#### What is required
Copy exactly the lines of the data below, beginning with the line with "Okan Buruk'a haber" and ending with the line with "Liz Claiborne Seersucker". Pictures are to be omitted.

#### Data shown

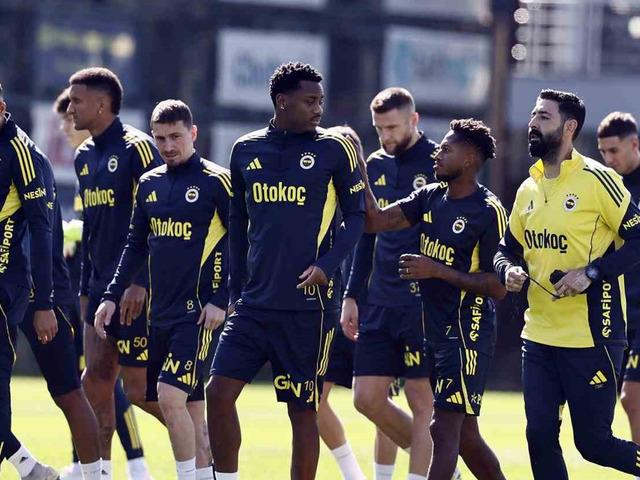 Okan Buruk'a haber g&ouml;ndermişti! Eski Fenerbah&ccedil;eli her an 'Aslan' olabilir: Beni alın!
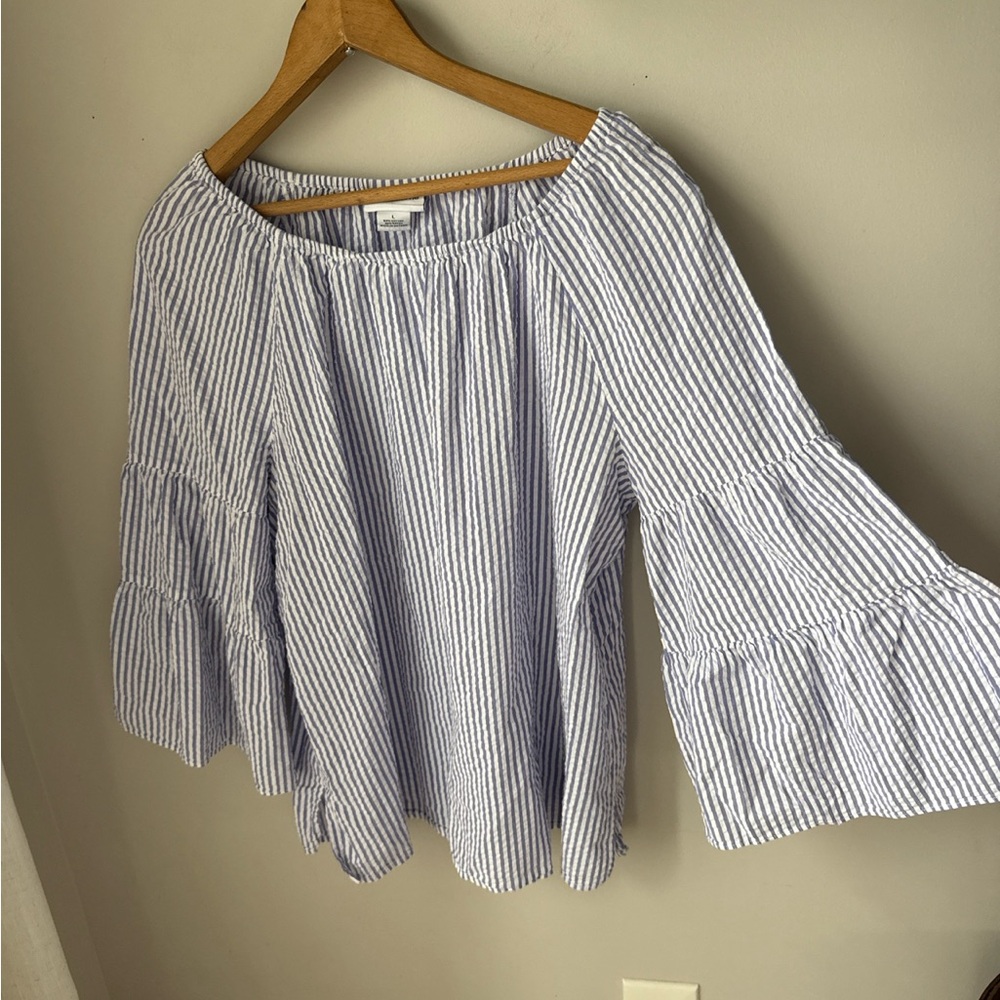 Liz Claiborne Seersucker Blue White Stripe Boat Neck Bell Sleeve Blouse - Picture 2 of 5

==

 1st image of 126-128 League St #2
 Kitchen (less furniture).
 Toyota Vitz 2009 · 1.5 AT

--

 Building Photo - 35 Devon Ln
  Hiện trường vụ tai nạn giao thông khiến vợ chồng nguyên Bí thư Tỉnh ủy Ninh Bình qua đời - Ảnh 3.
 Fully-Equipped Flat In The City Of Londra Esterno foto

#### Solution to the exercise
 Okan Buruk'a haber g&ouml;ndermişti! Eski Fenerbah&ccedil;eli her an 'Aslan' olabilir: Beni alın!
 Liz Claiborne Seersucker Blue White Stripe Boat Neck Bell Sleeve Blouse - Picture 2 of 5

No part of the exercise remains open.